(Captioned web images)
::::::::::
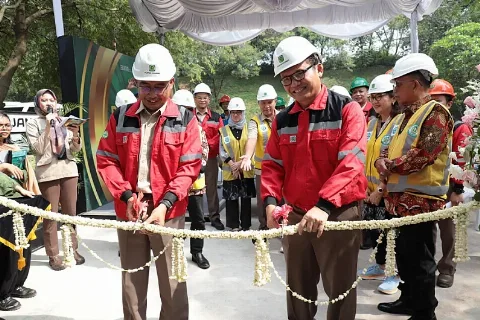 Dry Ice Cegah Ribuan Ton Karbon Lepas ke Udara
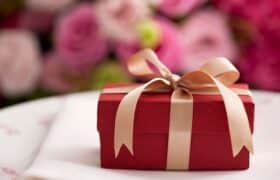 5 món quà tặng vợ ngày sinh nhật ý nghĩa, thiết thực khiến nàng bất ngờ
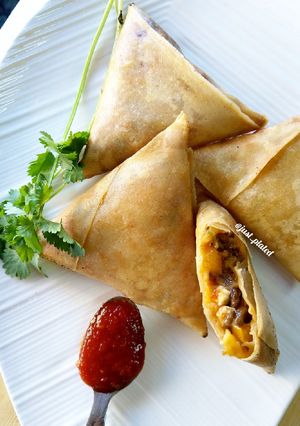 A picture of Pizza Samoosas.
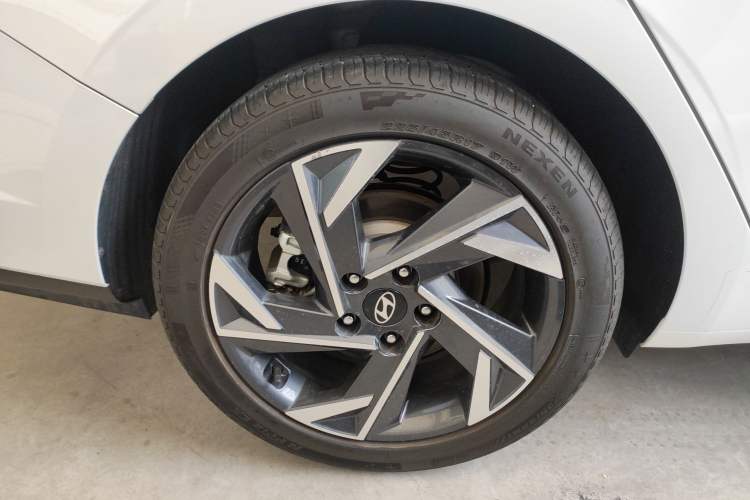 Used Hyundai Elantra 2023 1.5L CVT GLX Elite Edition Exterior 5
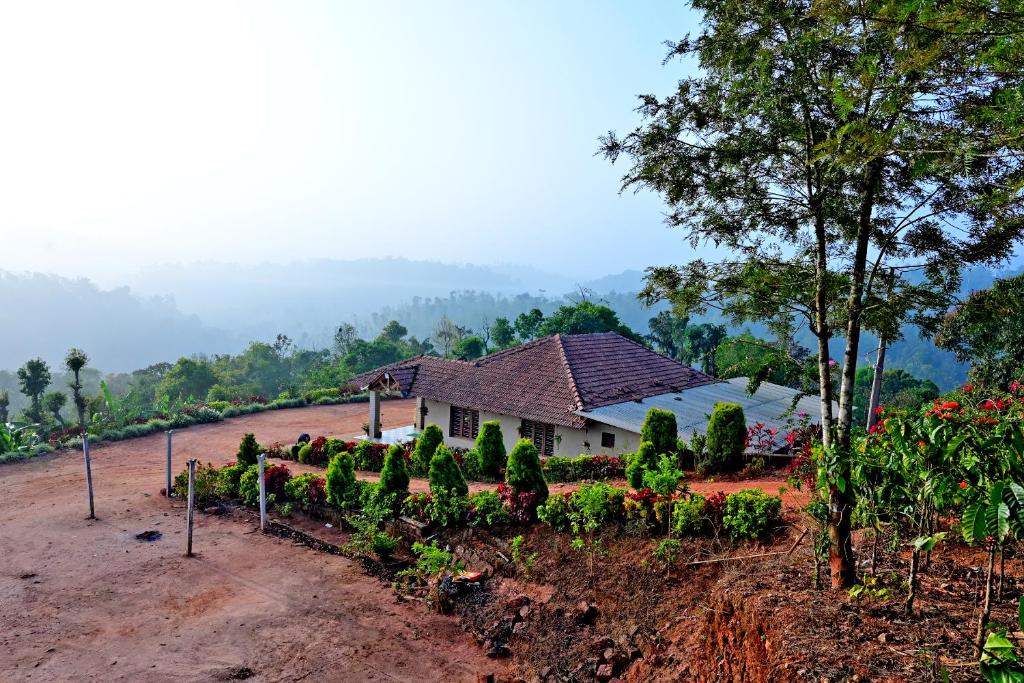 MitlyTree Homestay - Hill Top Mountain View & Home Food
::::::::::
What you will do - Set down, word for word, only the lines running from the line with "A picture of Pizza Samoosas." through the final line of the entries above, omitting all pictures.

Output below -
 A picture of Pizza Samoosas.
 Used Hyundai Elantra 2023 1.5L CVT GLX Elite Edition Exterior 5
 MitlyTree Homestay - Hill Top Mountain View & Home Food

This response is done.